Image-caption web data
════════════════════

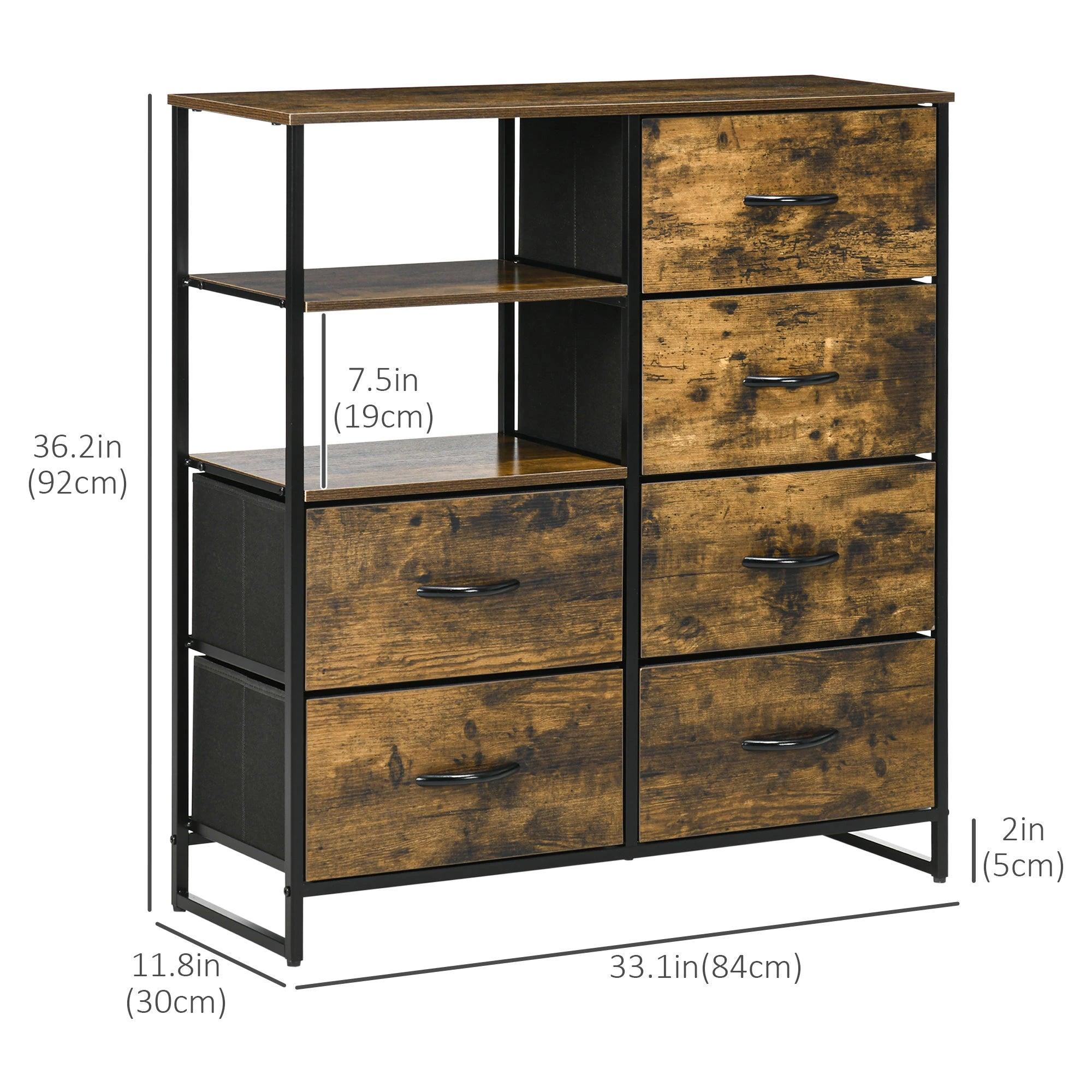 Living Room Storage Cabinet, Industrial Accent Cabinet with 6 Fabric Bins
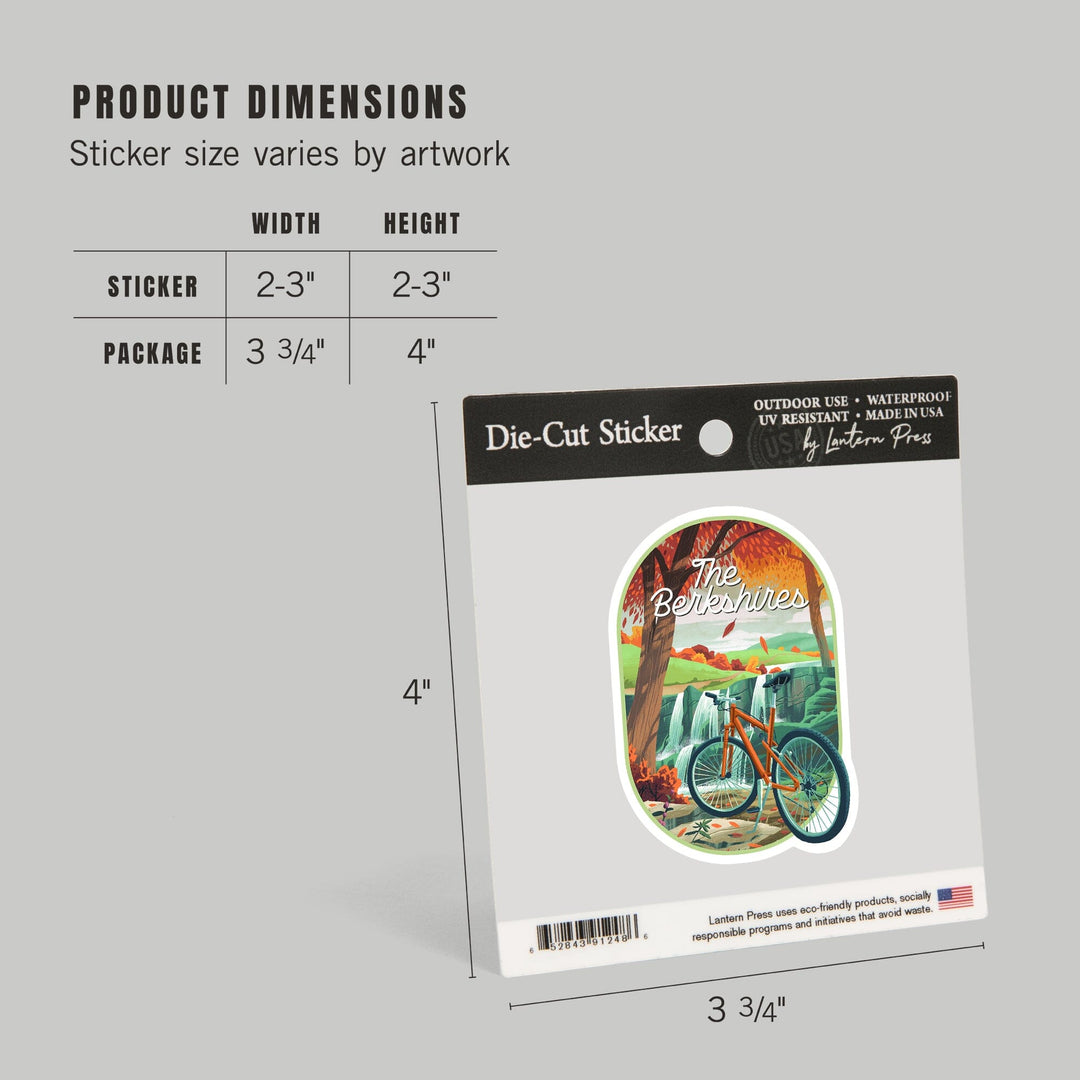The Berkshires, Get Outside Series, Off To Wander, Cycling with Hills, Fall Colors, Contour, Vinyl Sticker Sticker Lantern Press 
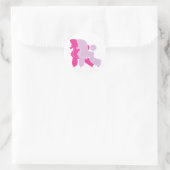 Sticker Rond Deux Poodle rose (Sac)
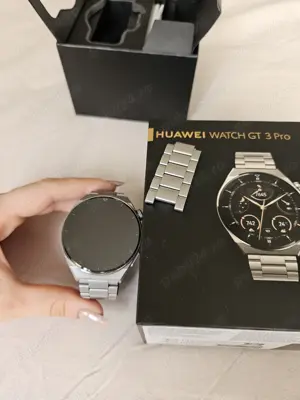 Smartwatch HUAWEI Watch GT 3 Pro Titanium 46mm, Android iOS, Light Titanium Strap în stare f bună ap - imagine 4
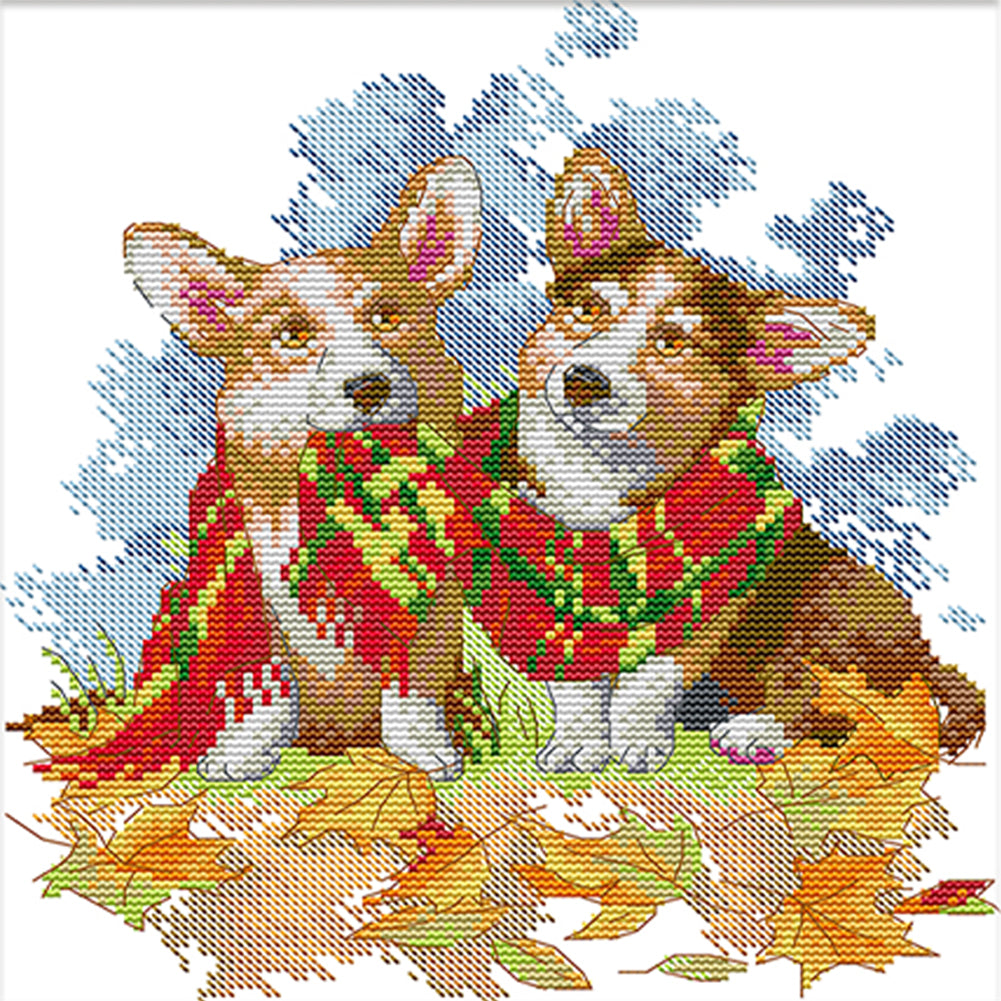 Joy Sunday Dogs (27*29CM) 14CT 2 Stamped Cross Stitch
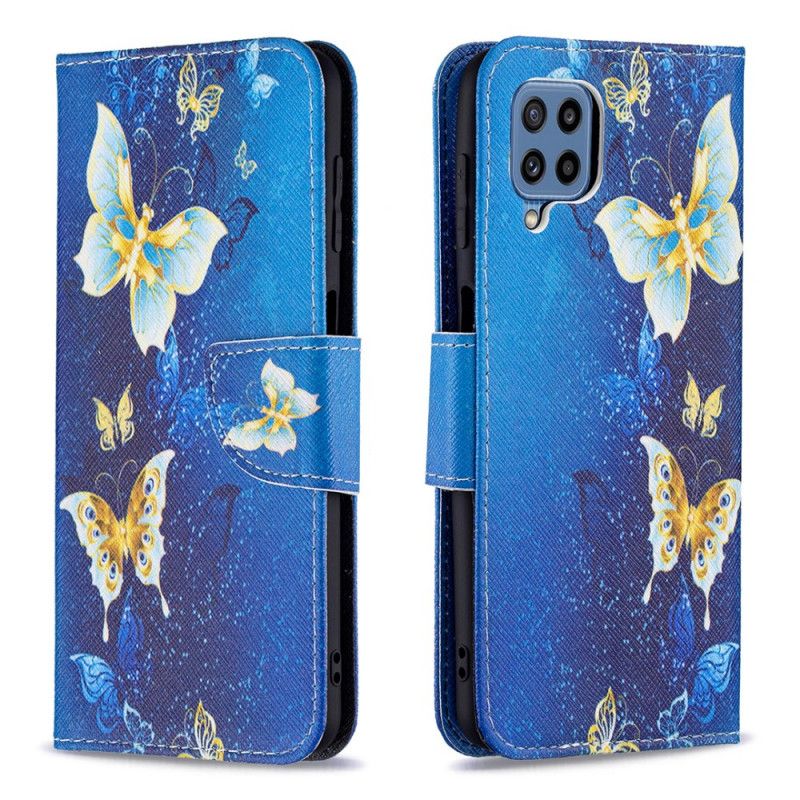 Læder Cover Samsung Galaxy M32 Gyldne Sommerfugle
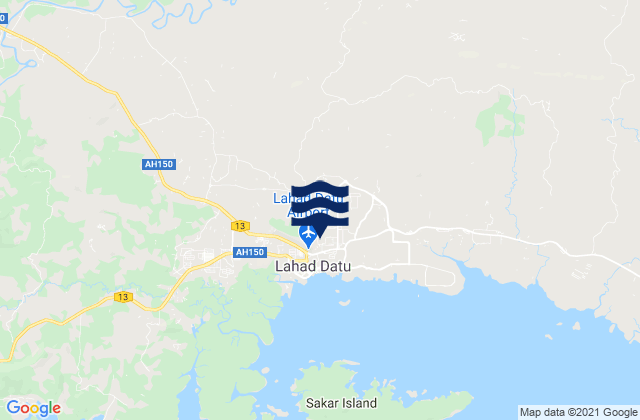 Carte des horaires des marées pour Lahad Datu Darvel Bay, Malaysia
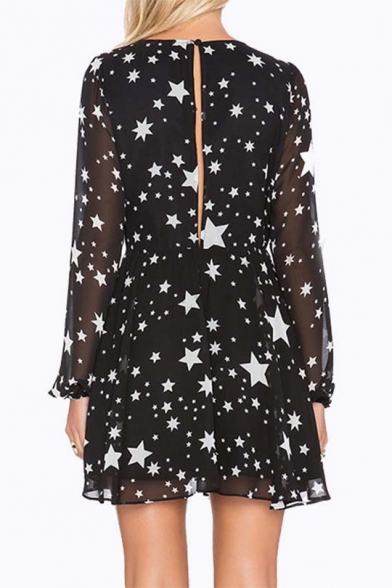 Star Printed V Neck Long Sleeve Hollow Out Back Mini A-Line Dress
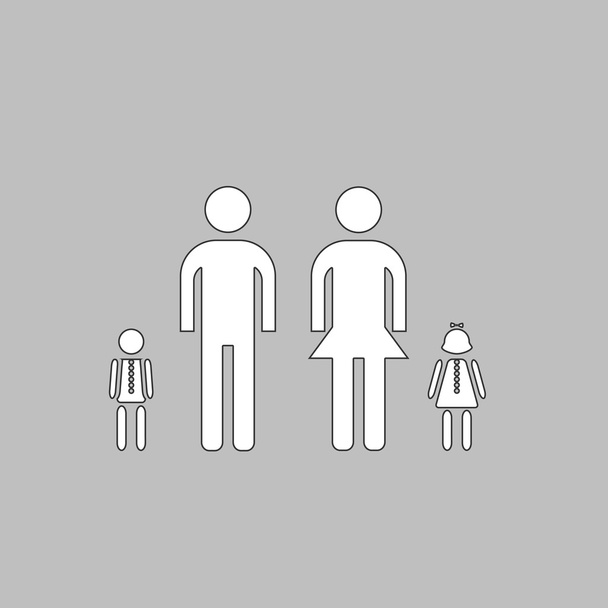 glückliche Familie Computer Symbol - Vektor, Bild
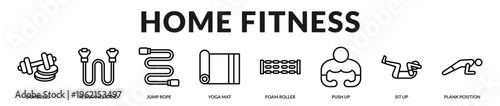Versatile banner showcasing home workout solutions using compact equipment for efficient training routines in Lineal Icon Style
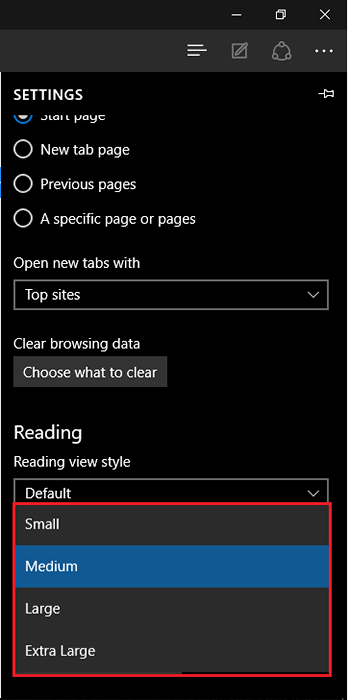 Como alterar o tamanho da fonte no navegador de borda no Windows 10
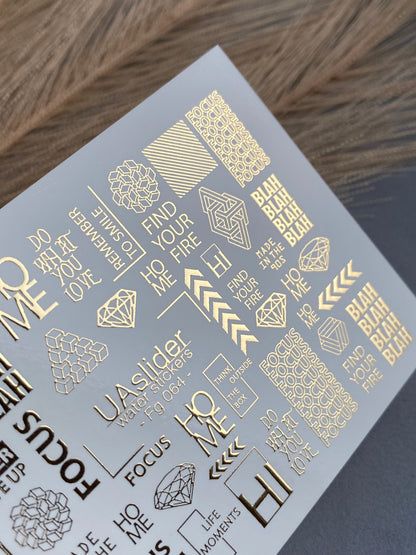 Nagel Wasserabziehbild Fg-064 | Goldfolie Wasser-Schiebefolie Nagelabziehbilder | Geometrische Formen & Motivationswörter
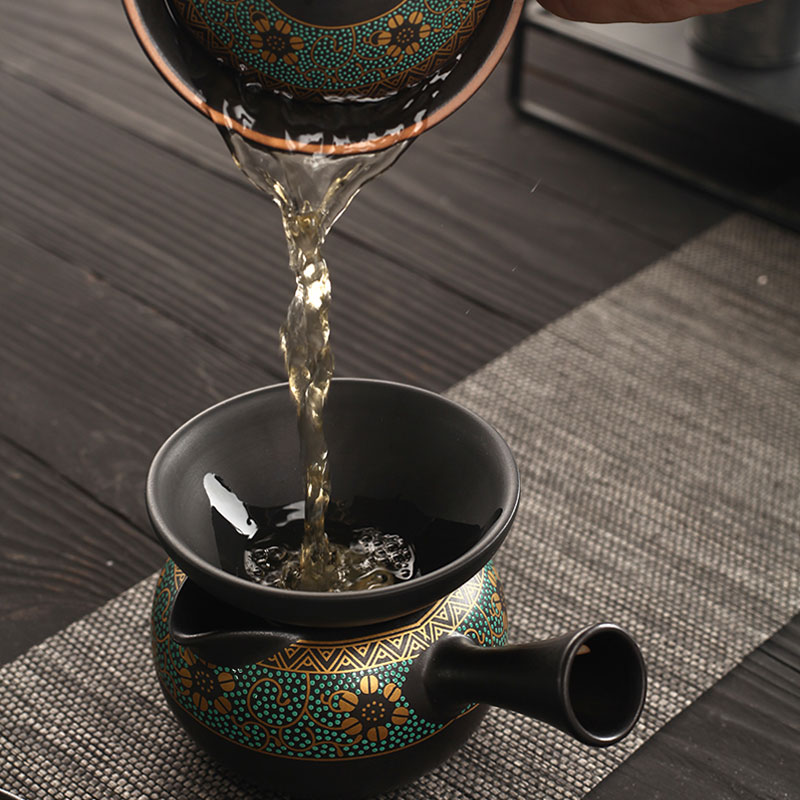 Morning old calcining high Taiwan tea set suit, black pottery teapot household contracted tea cups, a complete set of gift box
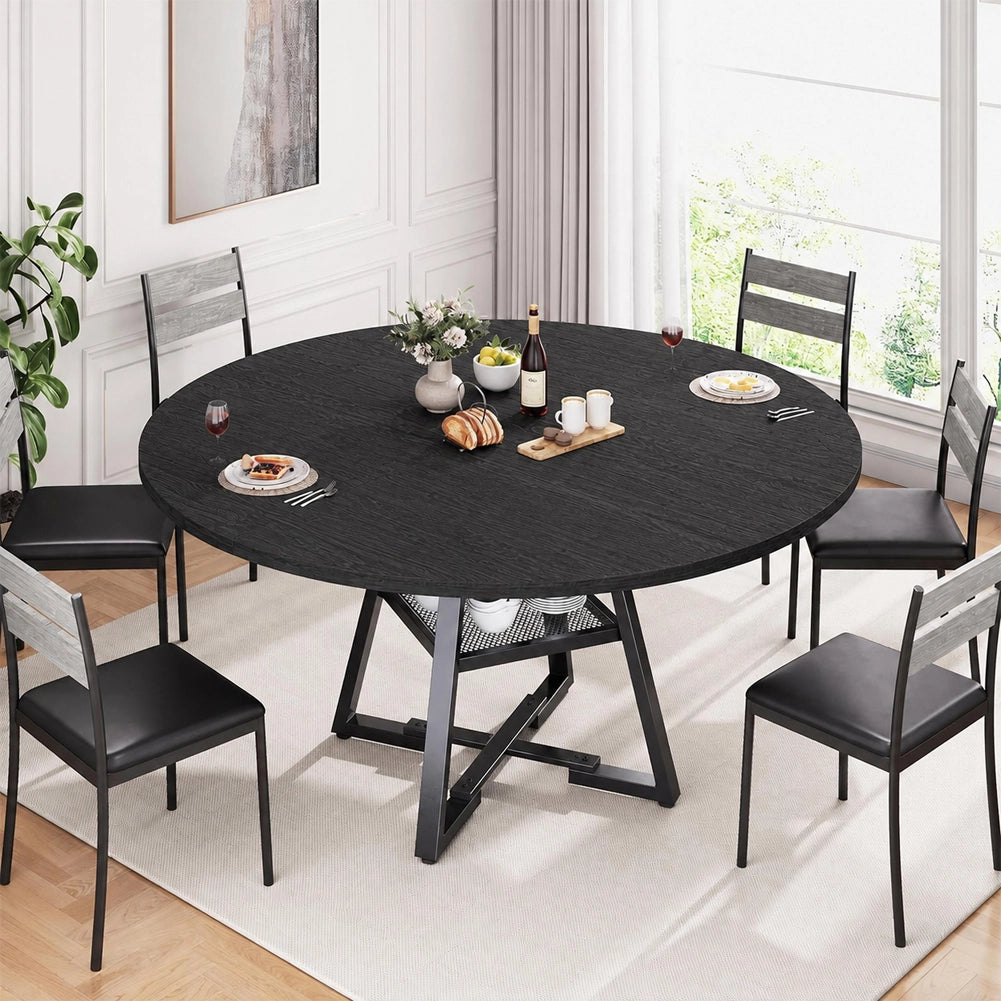 Tavolo per Sala da Pranzo Tondo Nero con Ripiano Portaoggetti 120x120x76cm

════════════════════

PROBLEM DETAILS — The records above are to be copied exactly, with no pictures carried over.

COMPLETED EXERCISE —
 Living Room Storage Cabinet, Industrial Accent Cabinet with 6 Fabric Bins
The Berkshires, Get Outside Series, Off To Wander, Cycling with Hills, Fall Colors, Contour, Vinyl Sticker Sticker Lantern Press 
 Sticker Rond Deux Poodle rose (Sac)
 Smartwatch HUAWEI Watch GT 3 Pro Titanium 46mm, Android iOS, Light Titanium Strap în stare f bună ap - imagine 4
 Joy Sunday Dogs (27*29CM) 14CT 2 Stamped Cross Stitch
 Læder Cover Samsung Galaxy M32 Gyldne Sommerfugle
 Carte des horaires des marées pour Lahad Datu Darvel Bay, Malaysia
 Star Printed V Neck Long Sleeve Hollow Out Back Mini A-Line Dress
 glückliche Familie Computer Symbol - Vektor, Bild
Versatile banner showcasing home workout solutions using compact equipment for efficient training routines in Lineal Icon Style
 Como alterar o tamanho da fonte no navegador de borda no Windows 10
 Nagel Wasserabziehbild Fg-064 | Goldfolie Wasser-Schiebefolie Nagelabziehbilder | Geometrische Formen & Motivationswörter
 Morning old calcining high Taiwan tea set suit, black pottery teapot household contracted tea cups, a complete set of gift box
 Tavolo per Sala da Pranzo Tondo Nero con Ripiano Portaoggetti 120x120x76cm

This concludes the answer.